The Adaptive Summation, or AdaSum, is a novel algorithm for improving distributed data parallel training of Deep Learning models. This improvement can be seen in different ways: reducing the number steps to achieve the same accuracy in some cases and allowing you to scale to more training workers without penalizing learning rate and convergence stability. AdaSum can be used with Horovod and PyTorch/TensorFlow.
Scaling DNN training to many GPUs always comes at a convergence degradation. This is because with larger batch sizes, gradients are averaged and the learning rate per example is smaller. To address this, learning rate is usually scaled up, but this can lead to divergence of model parameters. AdaSum addresses these two issues without introducing any hyperparameter.
Suppose there are two almost-parallel gradients from two different GPUs, g1 and g2, and they need to be reduced as shown in the figure below.

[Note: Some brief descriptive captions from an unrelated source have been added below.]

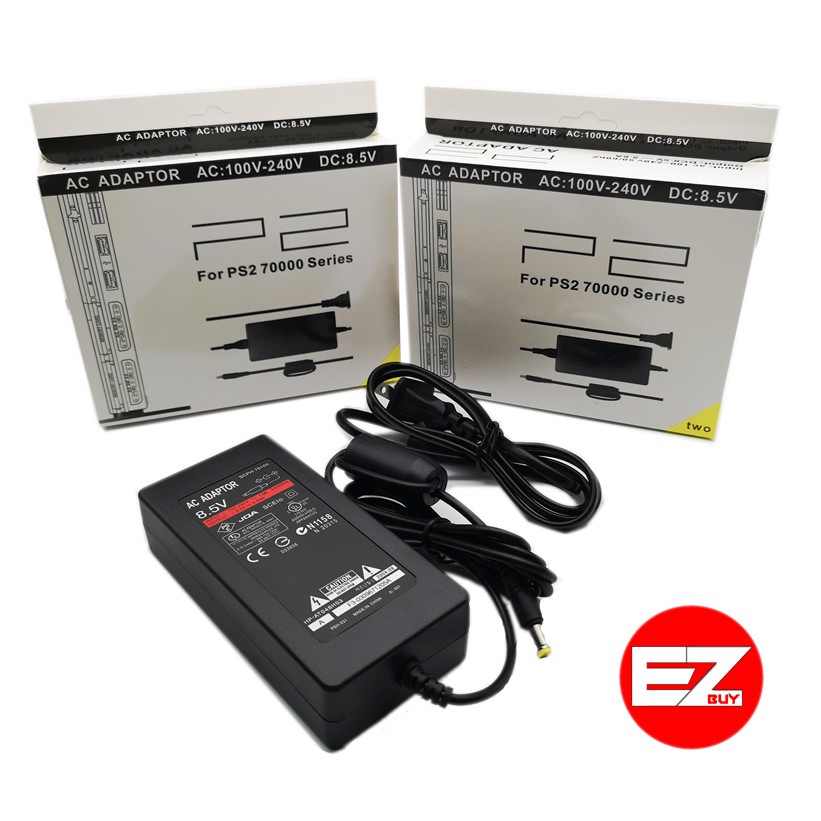 (Promotion+++) หม้อแปลงPs2 Slim รุ่น7xxxx AC Adapter for Ps2 70000 series ราคาถูก หม้อแปรง ช๊อตปลา หม้อแปรงไฟฟ้า หม้อแปรงไฟรถยนต์ หม้อแปรงไฟบ้าน
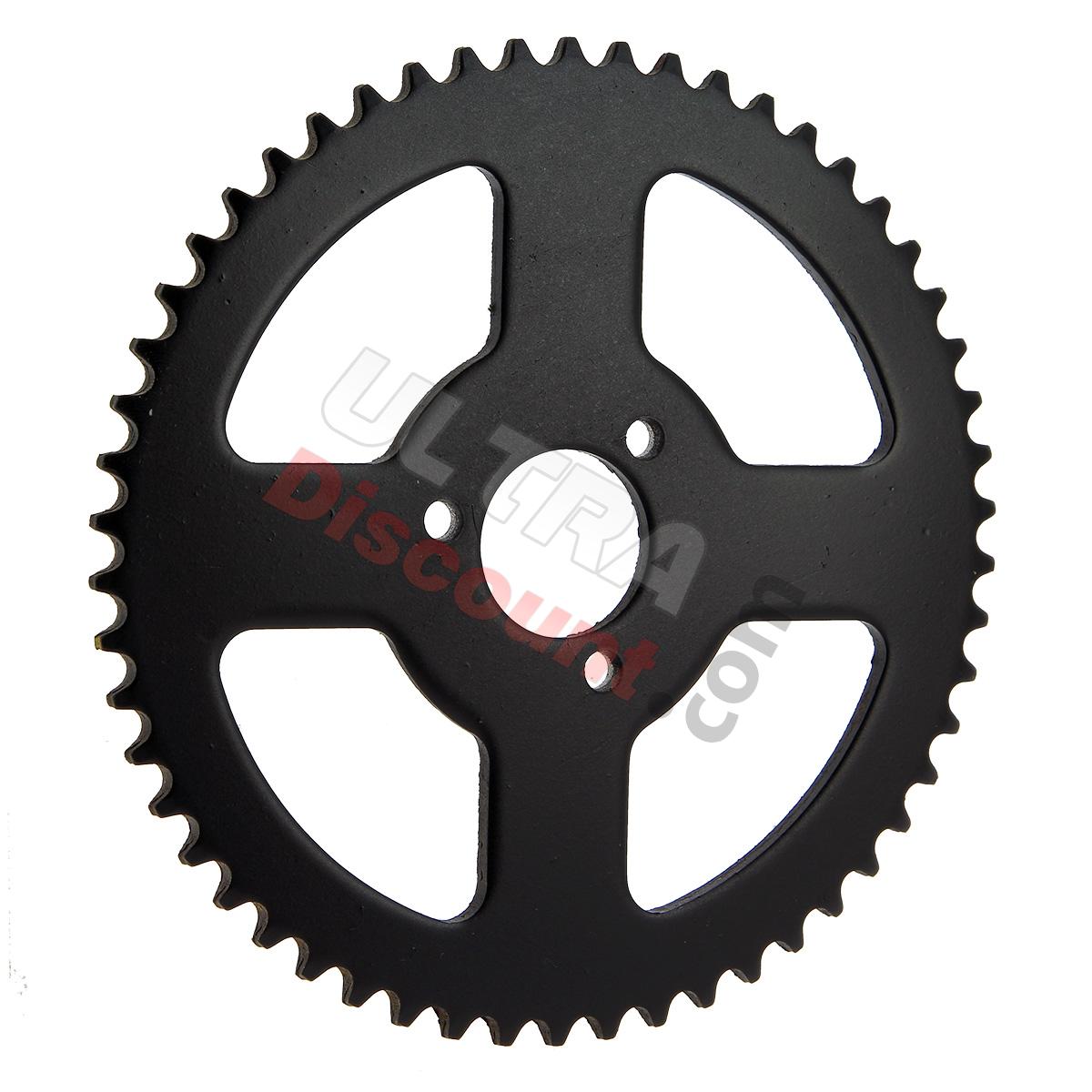 Kranz verstärkt 54 Z für GROSSE KETTE 3 T (TF8) (Typ 1), Teile Pockets Supermoto Kranz verstärkt 54 Z für GROSSE KETTE 3 T (TF8) (Typ 1), Teile Pockets Supermoto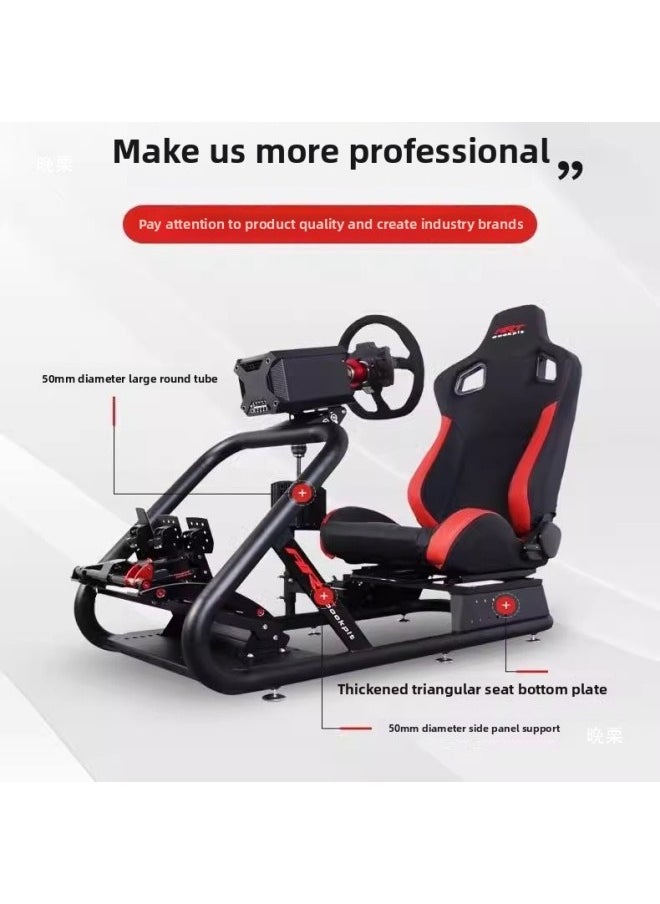 Generic - Artcockpitpro Racing Simulator Game Stand G29T300Cslddpro Direct Drive Steering Wheel Seat-product Color:Monitor Stand - Image 1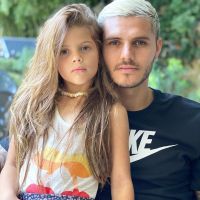 Mauro Icardi celebró los 6 años de Francesca llevándola a cabalgar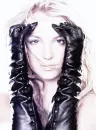 Britney Spears Black Gloves
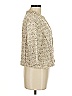 Lafayette 148 New York Tweed Ivory Jacket Size M - photo 4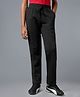 Technosport Knit Solid Track Pants - Black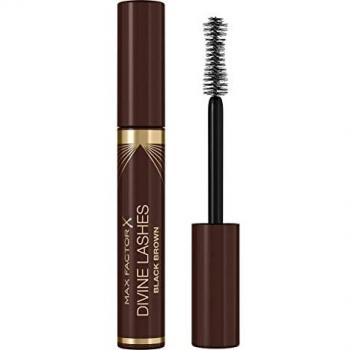 Max Factor Divine Lashes - Máscara de pestañas, tono 002 negro-marrón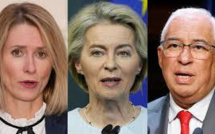 Sommet de l'UE: accord pour reconduire Ursula von der Leyen à la tête de la Commission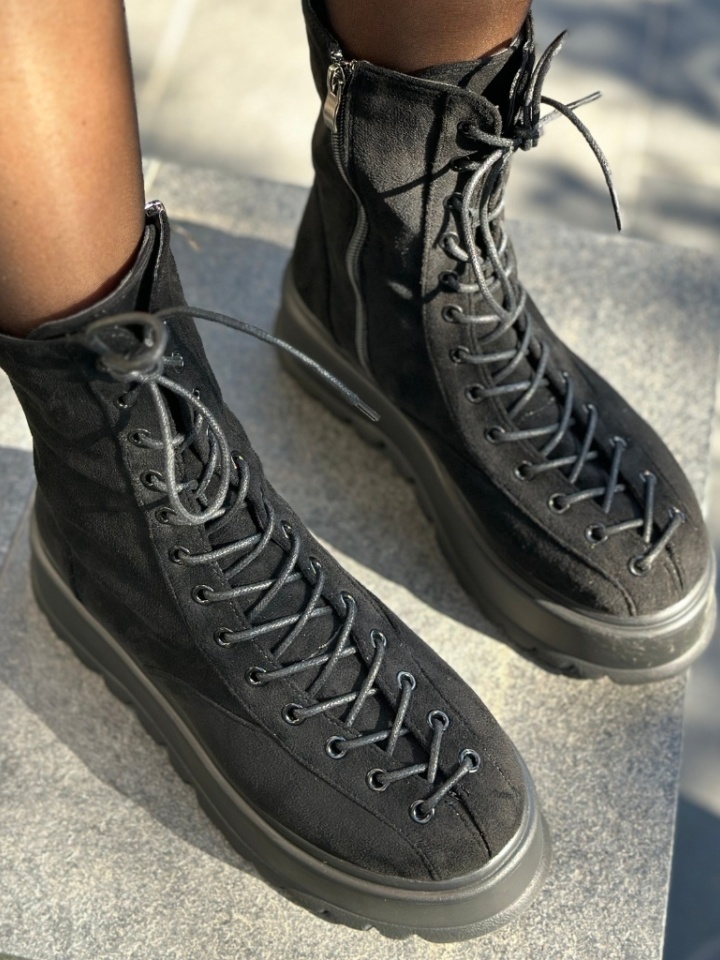 Ghete dama Pekiot Negre 2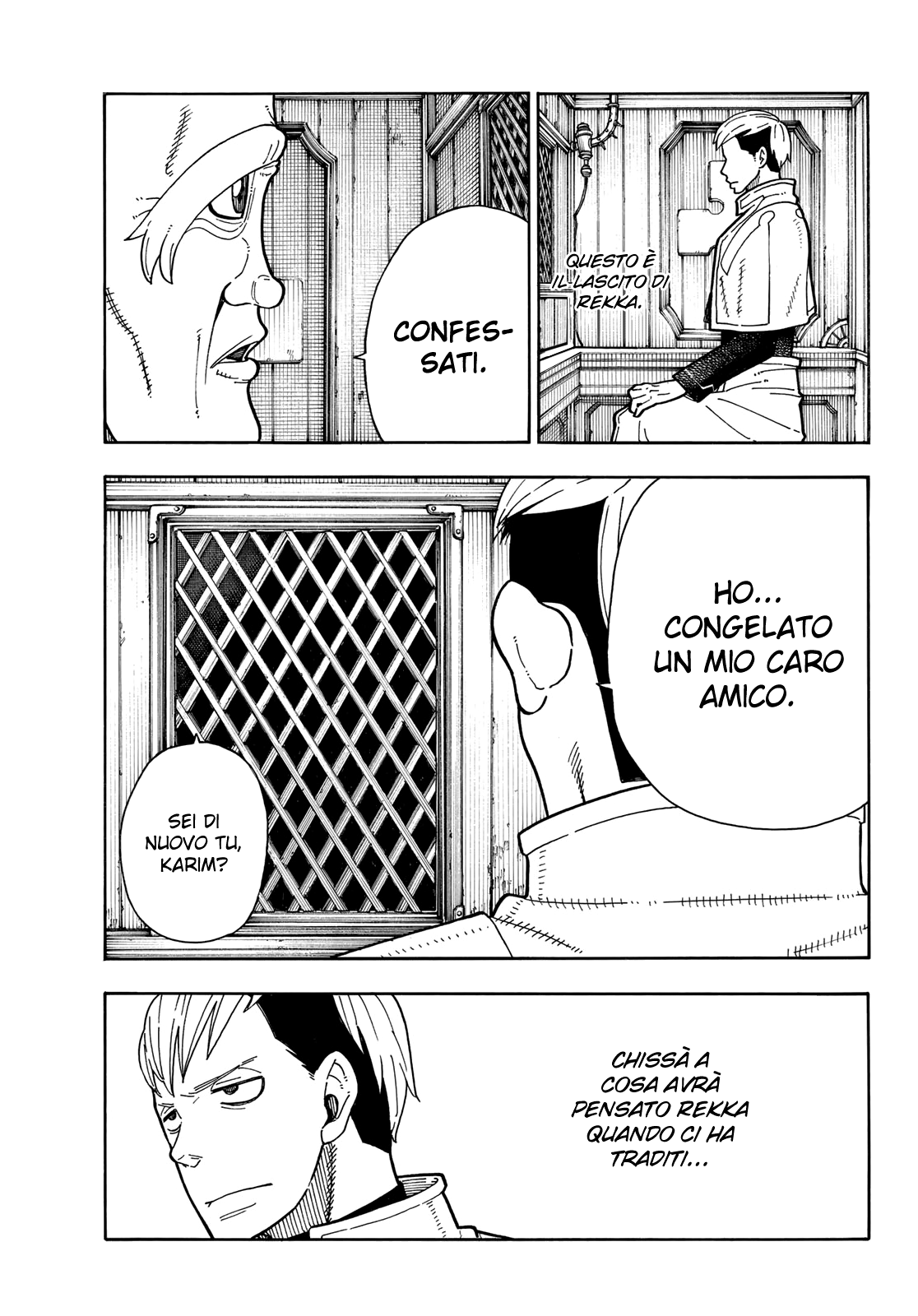 Read Fire Force IT Manga Online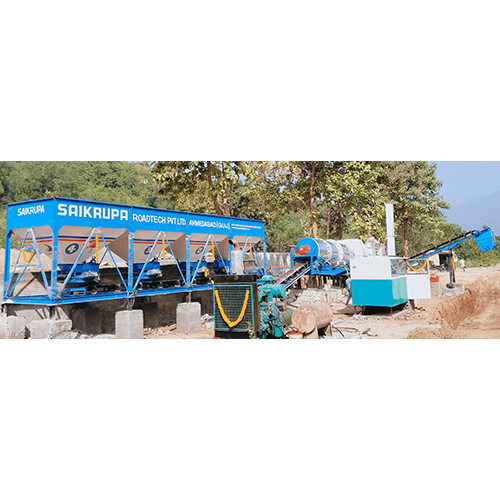 100 TPH Asphalt Plant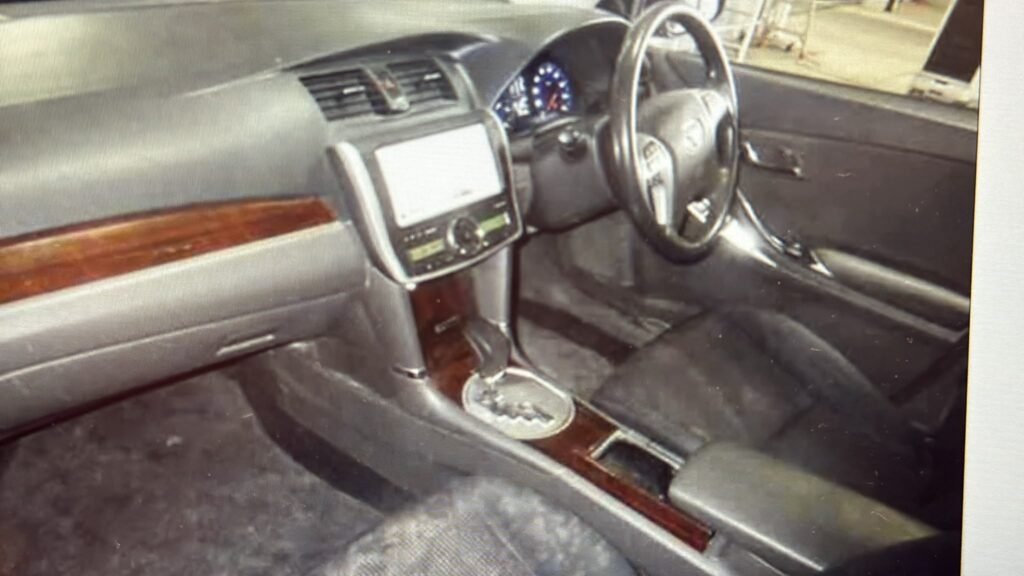 2015 Toyota Premio for Sale in Guyana – Silver – Ref 14059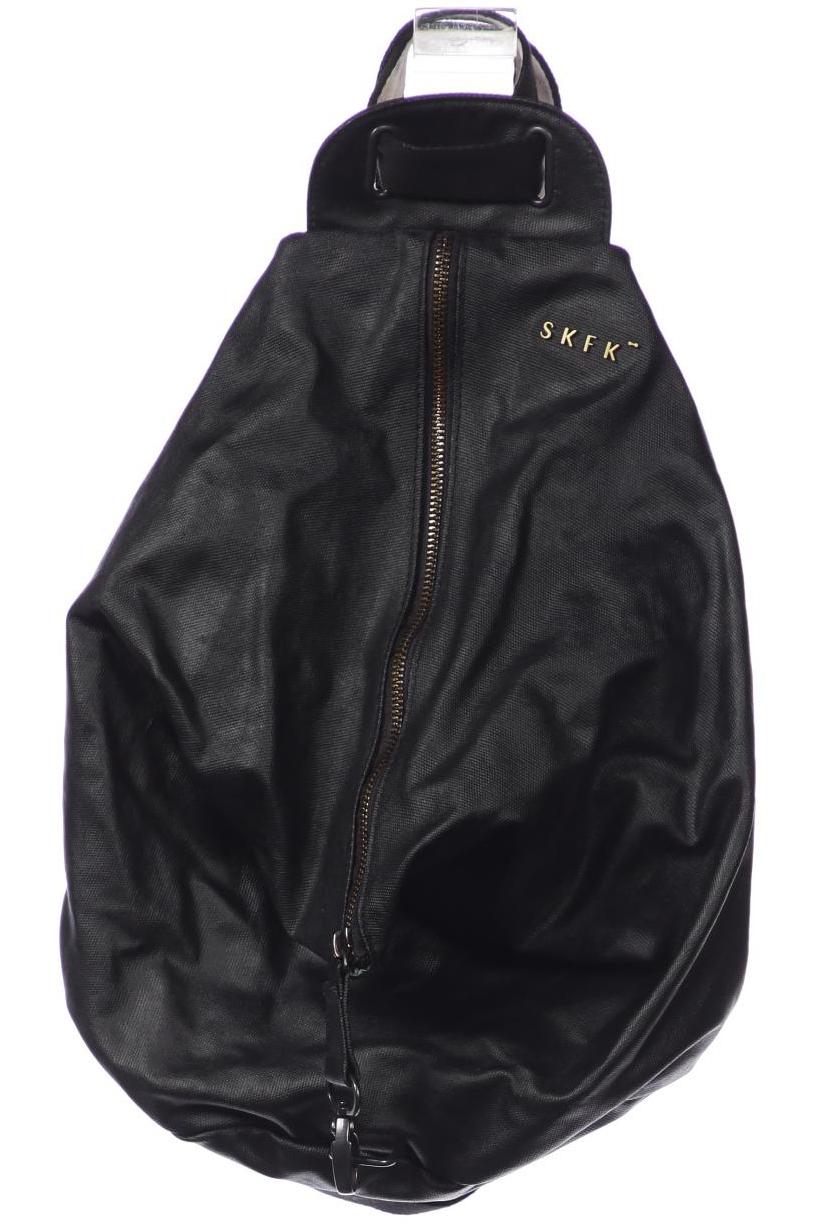 

Skfk Damen Rucksack, schwarz, Gr.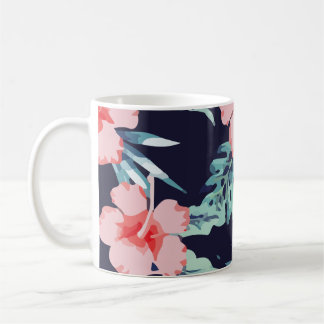 Taza De Café Hawaii Floral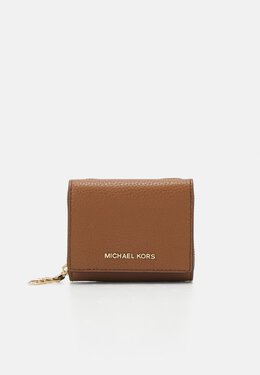 MICHAEL Michael Kors: Коричневый кошелёк 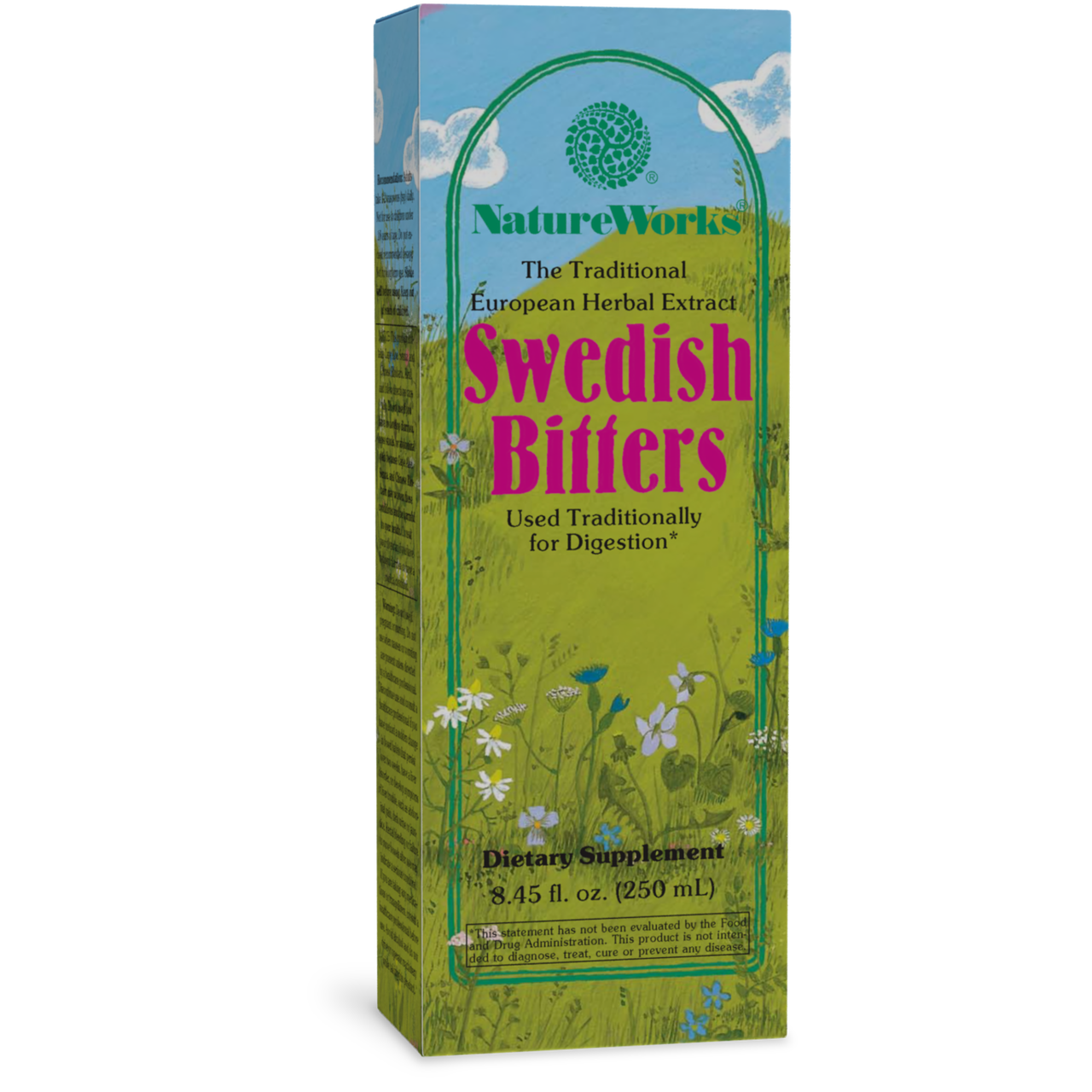 Natureworks Swedish Bitters Liquid Extract (1x8.45 Oz)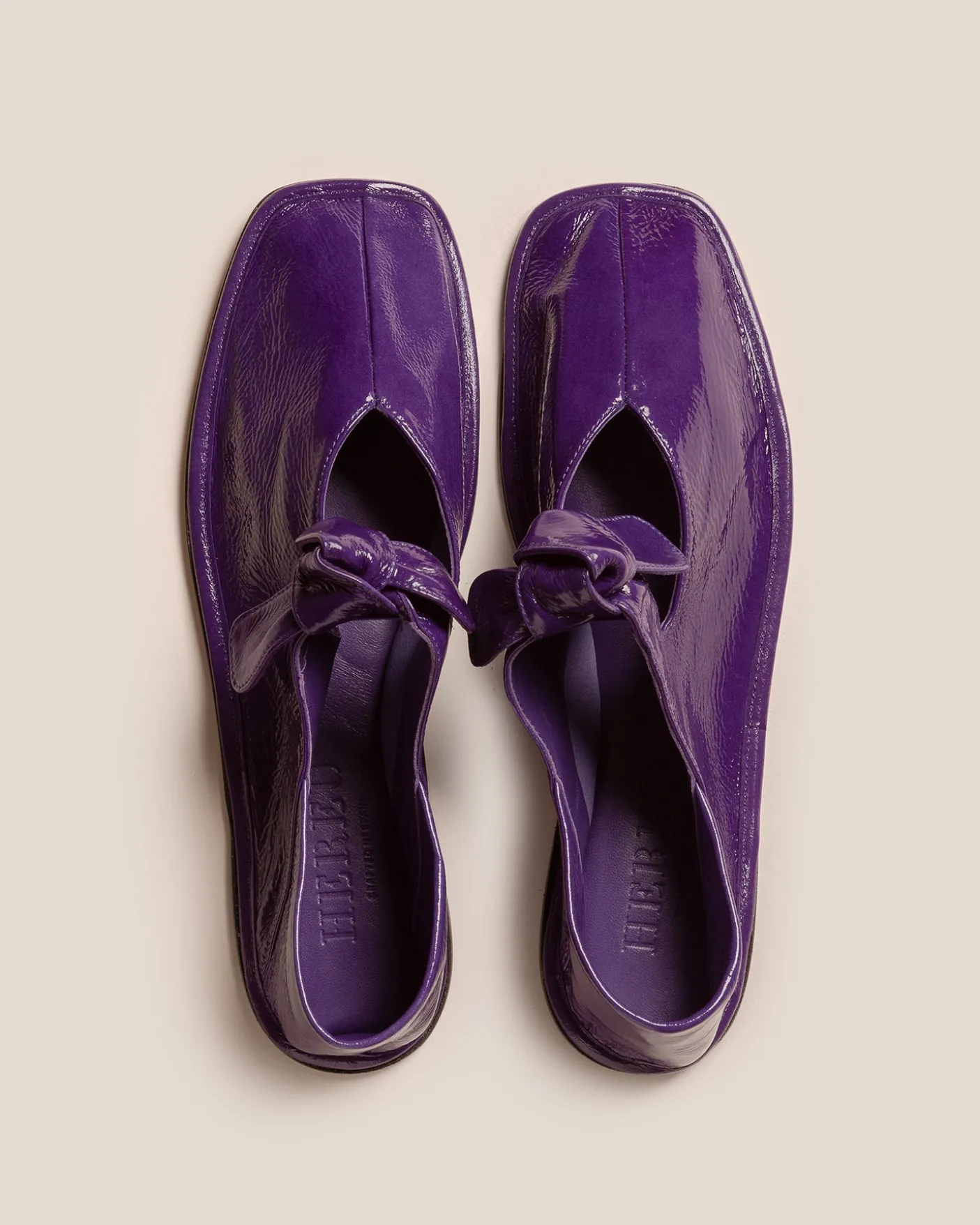 Hereu Studio Soft Shoes<LLASADA CRINKLED GLOSSY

The two common practices for reductions are g1+g2, the gray vector, or (g1+g2)/2, the green vector. g1+g2 may cause divergence of the model since it is effectively moving in the direction of g1 or g2 by two times the magnitude of g1 or g2. Therefore, generally (g1+g2)/2 is safer and more desired. Note that (g1+g2)/2 penalizes both the components g1 and g2 equally.
Now consider the two orthogonal gradients g1 and g2 in the figure below. Since g1 and g2 are in two different dimensions and independent of each other, g1+g2 may not cause divergence.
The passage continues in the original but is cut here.